_Action item_: When the line containing "Asphalt road with yellow line marks" appears in the data below, begin copying there and stop only after the line containing "Hand holding a".

_Data for review_:
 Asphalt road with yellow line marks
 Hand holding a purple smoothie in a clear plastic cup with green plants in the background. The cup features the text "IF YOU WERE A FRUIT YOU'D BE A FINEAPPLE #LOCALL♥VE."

* * *

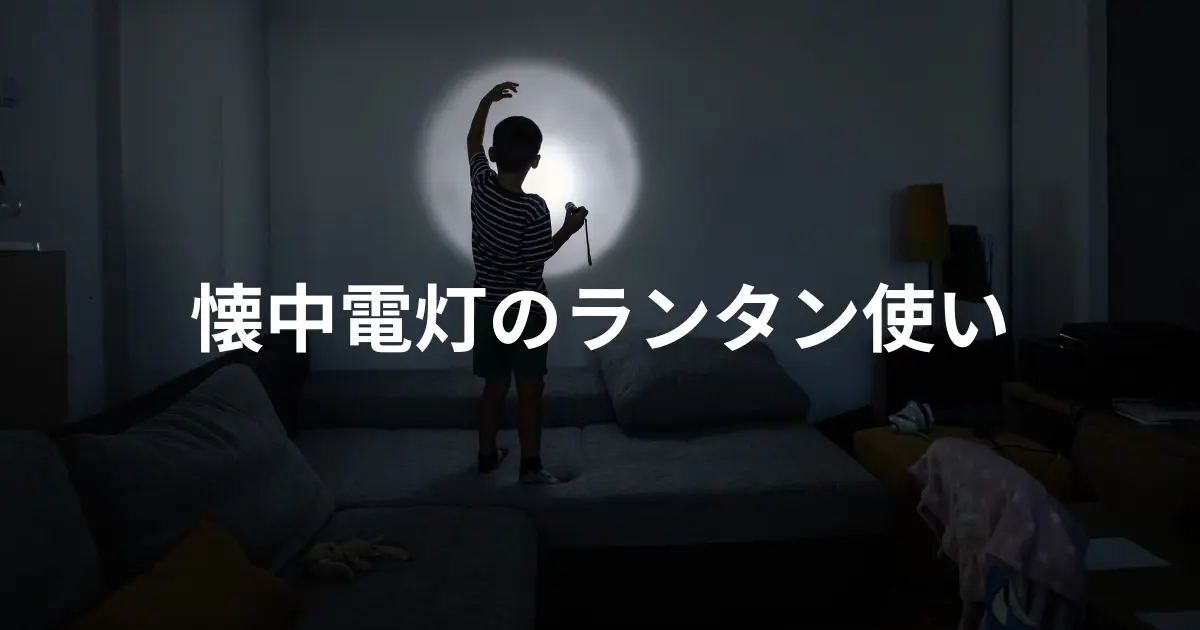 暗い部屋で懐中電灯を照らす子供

--

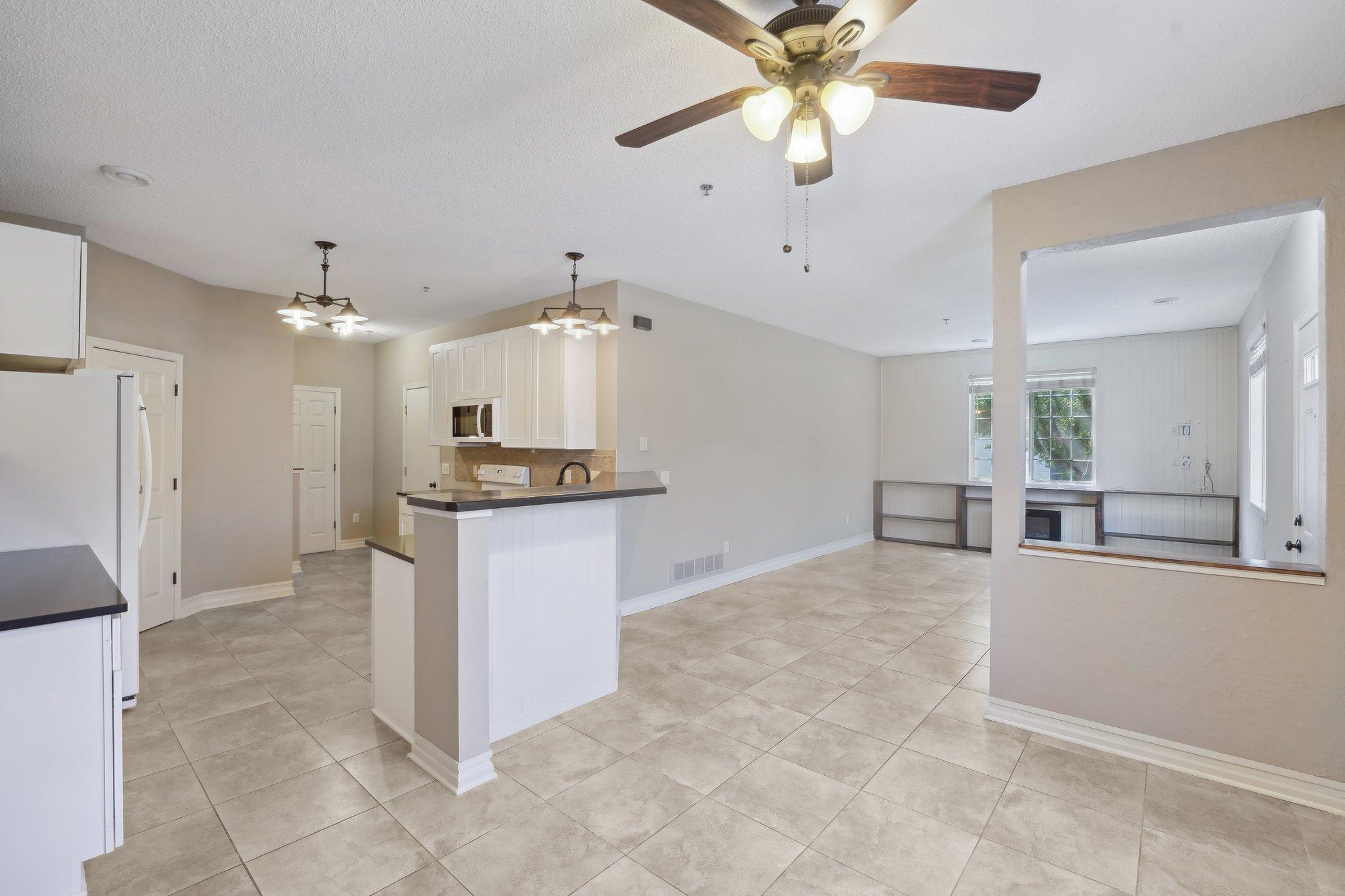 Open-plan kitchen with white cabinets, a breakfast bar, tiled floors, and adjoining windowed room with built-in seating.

_Answer to the exercise_:
 Asphalt road with yellow line marks
 Hand holding a purple smoothie in a clear plastic cup with green plants in the background. The cup features the text "IF YOU WERE A FRUIT YOU'D BE A FINEAPPLE #LOCALL♥VE."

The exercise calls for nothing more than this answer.